*** TASK INPUTS ***
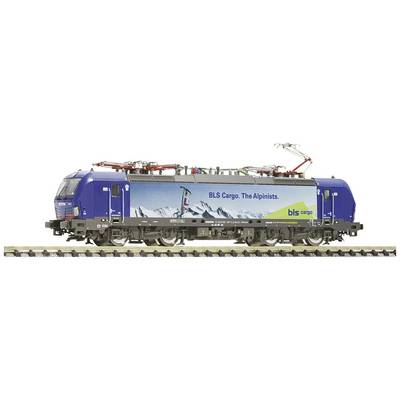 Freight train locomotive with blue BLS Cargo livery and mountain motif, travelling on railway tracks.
*** End of TASK INPUTS ***
*** TASK INPUTS ***
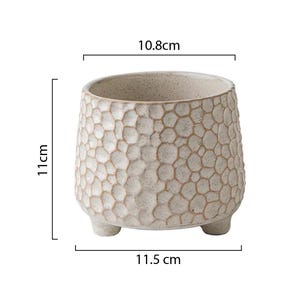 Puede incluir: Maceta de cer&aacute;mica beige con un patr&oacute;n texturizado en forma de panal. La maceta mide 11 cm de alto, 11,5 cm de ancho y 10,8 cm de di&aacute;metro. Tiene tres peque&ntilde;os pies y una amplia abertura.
*** End of TASK INPUTS ***
*** TASK INPUTS ***
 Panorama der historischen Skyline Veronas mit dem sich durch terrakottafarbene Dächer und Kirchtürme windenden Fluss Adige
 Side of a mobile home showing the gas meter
*** End of TASK INPUTS ***
→ EXERCISE GOAL
In the data above, start at the line that has "Panorama der historischen", stop after the line that has "Side of a mobile home showing the gas meter", and print every line in between exactly as it stands.

→ RESPONSE FOR THIS EXERCISE
 Panorama der historischen Skyline Veronas mit dem sich durch terrakottafarbene Dächer und Kirchtürme windenden Fluss Adige
 Side of a mobile home showing the gas meter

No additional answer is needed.